▸ **ABOUT THIS EXERCISE**: Retype nothing except the lines below from the one with "The Steplass mobile" through the one with "There are other, let's", exactly, with images left out.
*** GIVEN RECORDS Section Begins ***
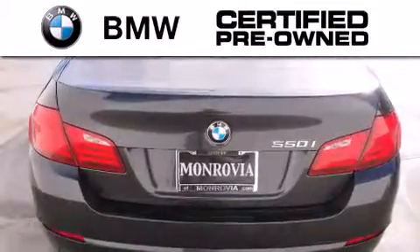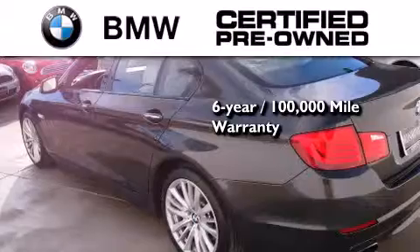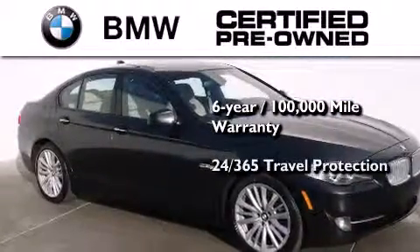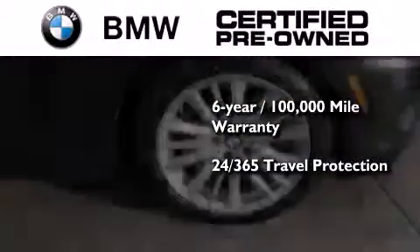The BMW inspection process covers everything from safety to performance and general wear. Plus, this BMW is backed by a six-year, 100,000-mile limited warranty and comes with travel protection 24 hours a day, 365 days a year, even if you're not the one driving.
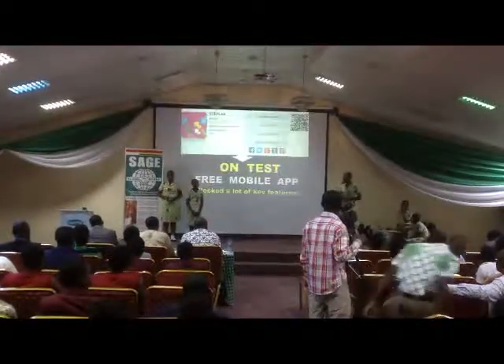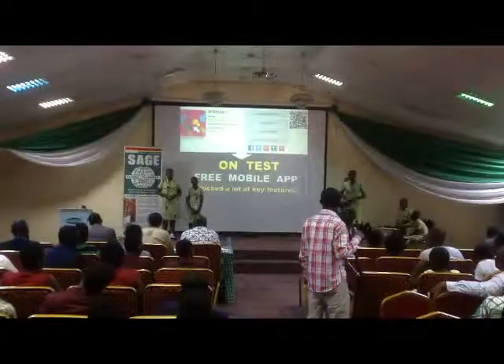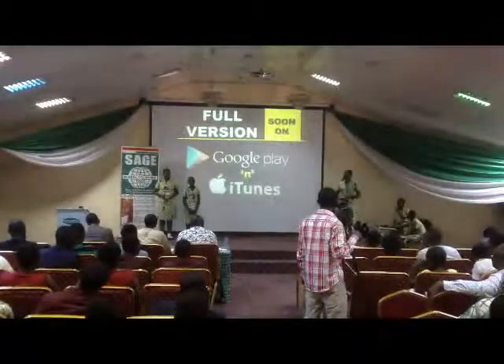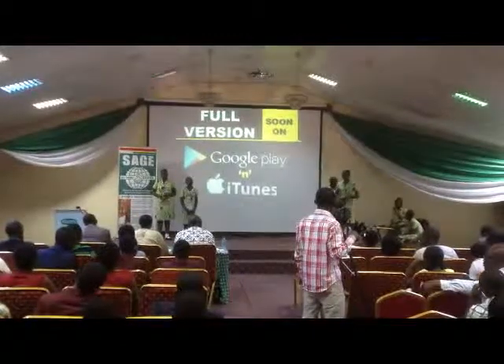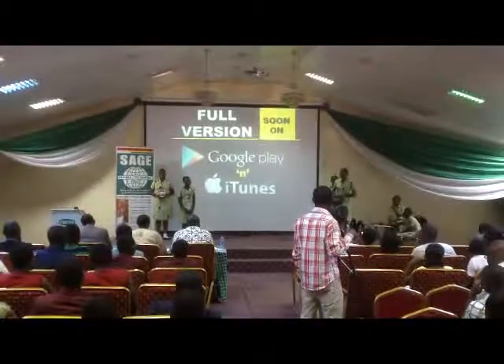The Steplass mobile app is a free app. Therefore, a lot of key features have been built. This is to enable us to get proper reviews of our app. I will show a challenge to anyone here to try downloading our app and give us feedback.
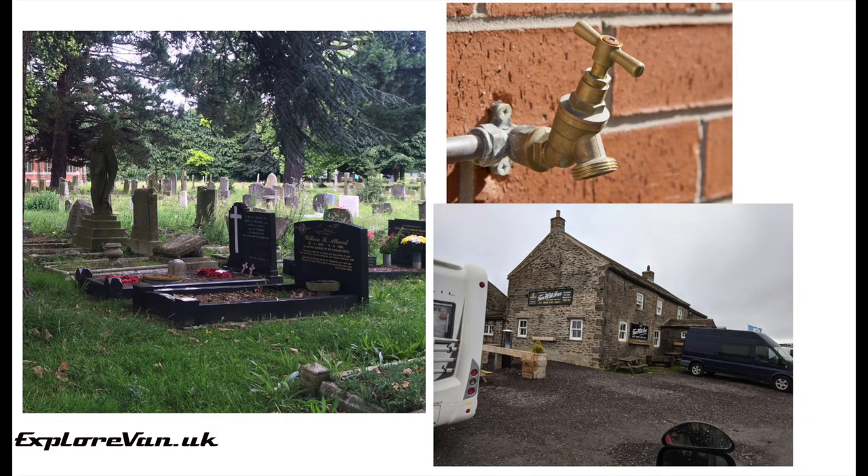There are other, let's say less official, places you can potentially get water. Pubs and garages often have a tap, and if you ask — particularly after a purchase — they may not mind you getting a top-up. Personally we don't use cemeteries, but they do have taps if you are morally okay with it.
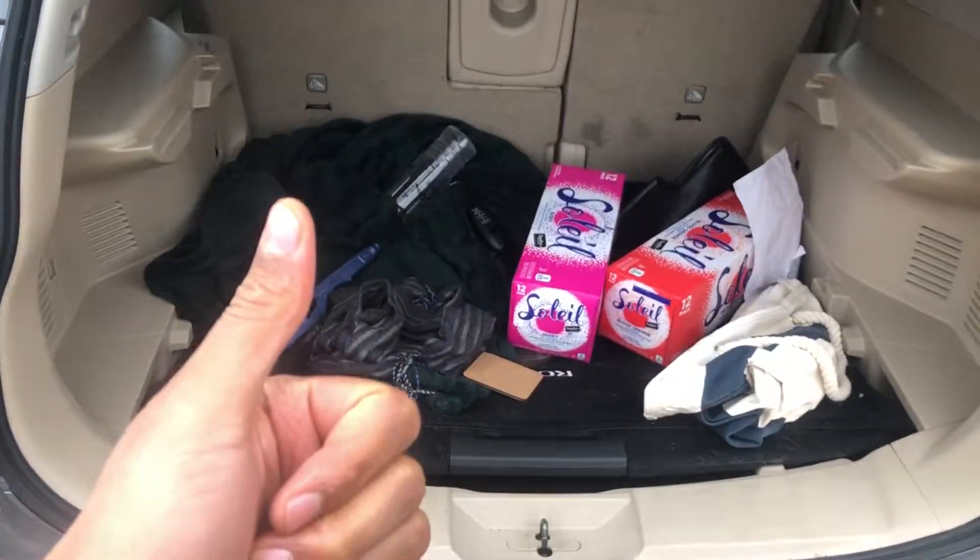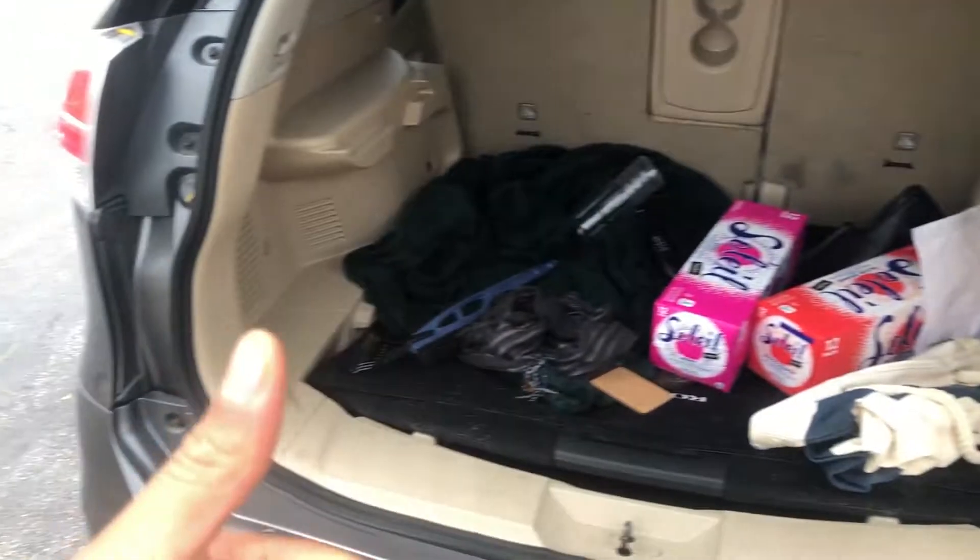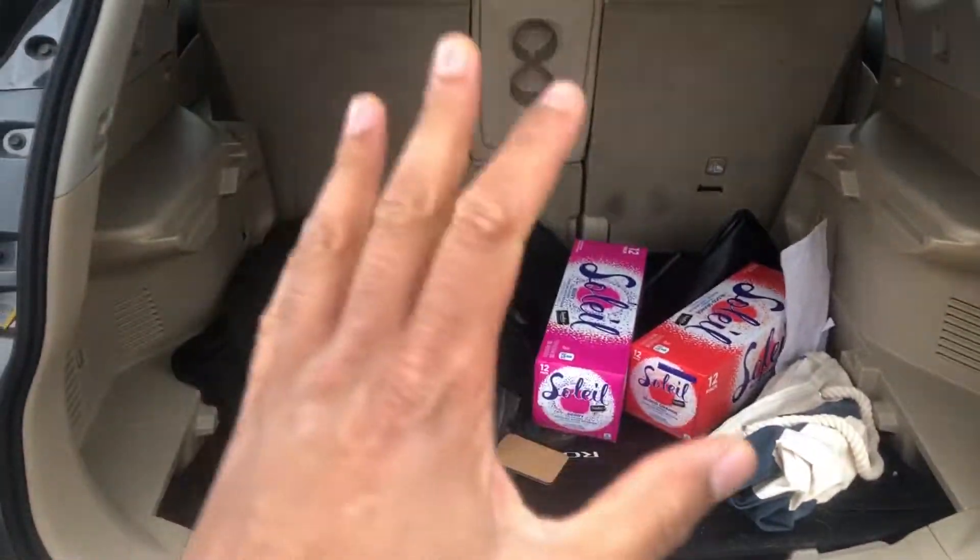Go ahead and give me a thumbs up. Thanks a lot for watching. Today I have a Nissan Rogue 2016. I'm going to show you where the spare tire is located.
*** GIVEN RECORDS Section Ends ***
*** GIVEN RECORDS Section Begins ***
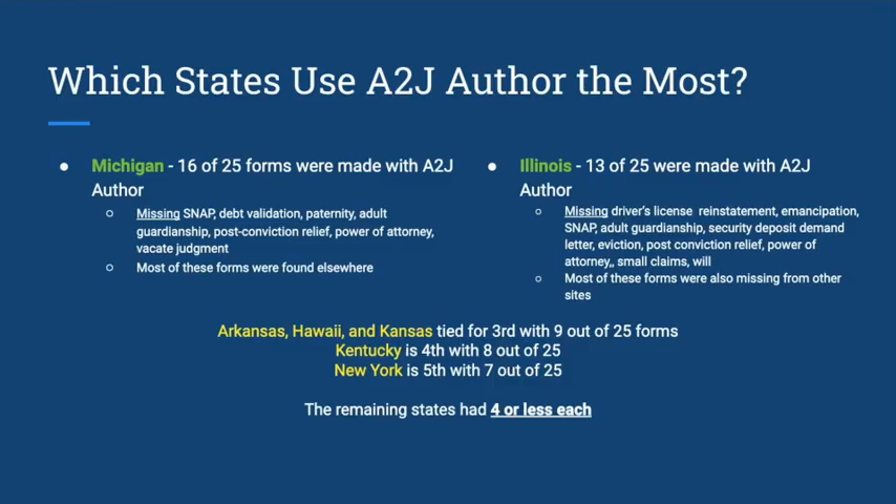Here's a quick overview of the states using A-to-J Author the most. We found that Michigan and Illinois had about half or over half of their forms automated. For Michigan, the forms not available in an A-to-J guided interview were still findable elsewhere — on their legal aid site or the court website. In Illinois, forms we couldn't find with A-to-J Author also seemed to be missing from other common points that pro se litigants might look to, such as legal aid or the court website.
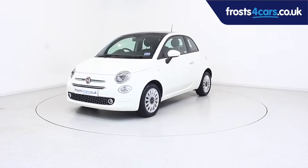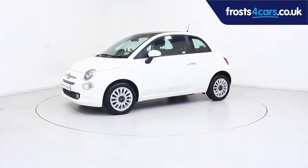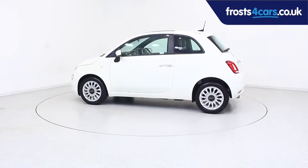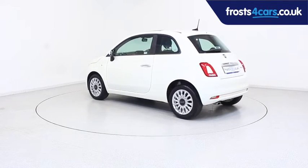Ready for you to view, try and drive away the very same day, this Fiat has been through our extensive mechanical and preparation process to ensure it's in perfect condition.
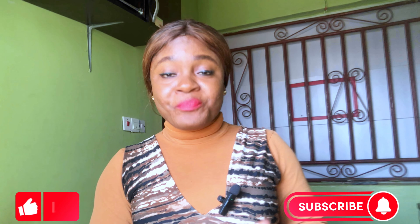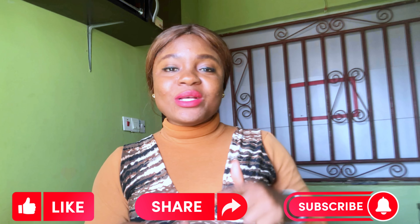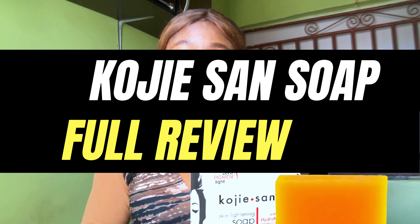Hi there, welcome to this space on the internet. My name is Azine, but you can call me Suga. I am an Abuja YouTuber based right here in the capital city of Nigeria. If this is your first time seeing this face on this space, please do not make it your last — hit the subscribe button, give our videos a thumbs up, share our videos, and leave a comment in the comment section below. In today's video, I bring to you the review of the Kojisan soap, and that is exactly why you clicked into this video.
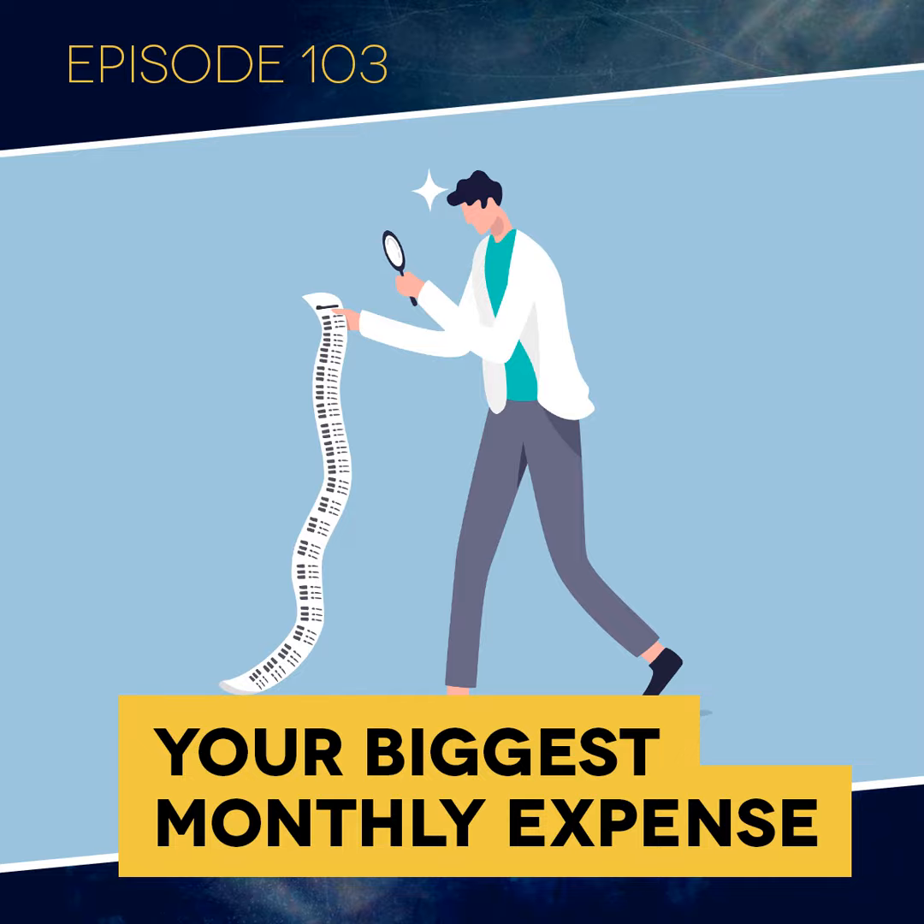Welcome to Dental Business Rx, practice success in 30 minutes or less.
*** GIVEN RECORDS Section Ends ***
▸ **ANSWER SECTION**:
The Steplass mobile app is a free app. Therefore, a lot of key features have been built. This is to enable us to get proper reviews of our app. I will show a challenge to anyone here to try downloading our app and give us feedback.
There are other, let's say less official, places you can potentially get water. Pubs and garages often have a tap, and if you ask — particularly after a purchase — they may not mind you getting a top-up. Personally we don't use cemeteries, but they do have taps if you are morally okay with it.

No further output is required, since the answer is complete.